L'entreprise, qui dit déjà disposer "d'"un carnet de commandes de 105 millions de dollars de chiffre d'affaires (87,1 millions d'euros) sur les quatre prochaines années", devrait créer 110 emplois directs en 2021/2022 et 500 emplois directs et indirects à terme. 

Dans ce site, largement automatisé, le groupe mise sur la production de scarabées Molitor comme alternatives aux fertilisants ainsi qu'aux protéines animales classiques dédiées à l'alimentation animale.

Le scarabée Molitor - élevé dans une "fermilière" inspirée du modèle des fourmilières - possède une forte teneur en protéines et est une espèce "grégaire et nocturne", ce qui "facilite son élevage", explique l'entreprise.  

Lorsque les larves Molitor arrivent à maturité, "95% d'entre elles sont étuvées, stérilisées puis transformées en protéines et en huile premium", les 5% de larves restantes "deviennent adultes et se reproduisent pour assurer le renouvellement de la population juvénile". 
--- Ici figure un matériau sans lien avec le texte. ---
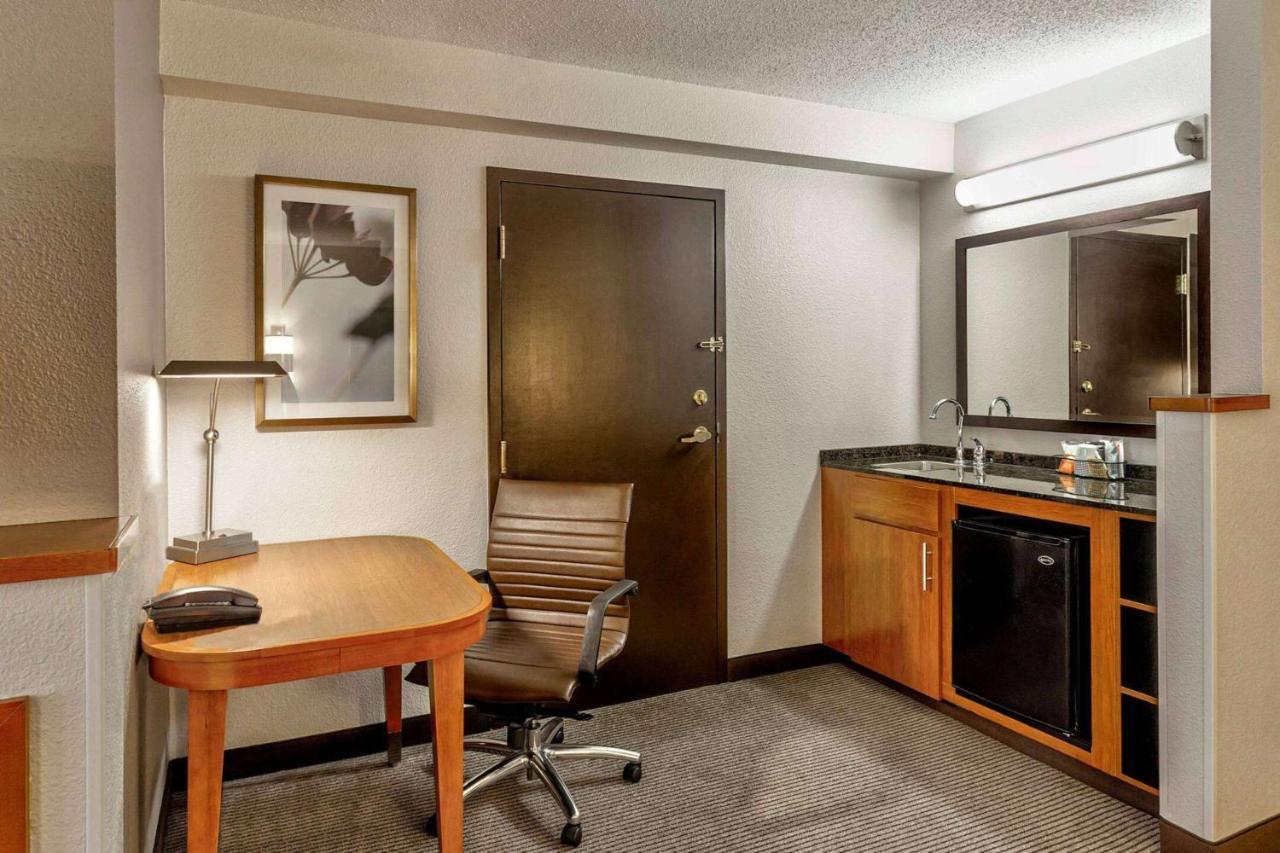 Junior Suite with Two Double Beds - Non-Smoking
Pour Barbara Pompili, ministre de la Transition écologique, venue symboliquement poser la première pierre, il s'agit d'un "exemple" pour l'environnement. "Enfin, on réfléchit à l'impact environnemental de notre mode de production (...) ça nous permet de produire chez nous, de créer de l'emploi chez nous, de créer de l'activité économique chez nous". 

La start-up française, membre du Next 40, le club des start-up françaises les plus prometteuses, possède déjà une ferme à Dole (Jura) et a récemment acquis l'entreprise néerlandaise Protifarm. A l'avenir, elle ambitionne "de déployer un réseau de plus de 100 fermes verticales dans le monde".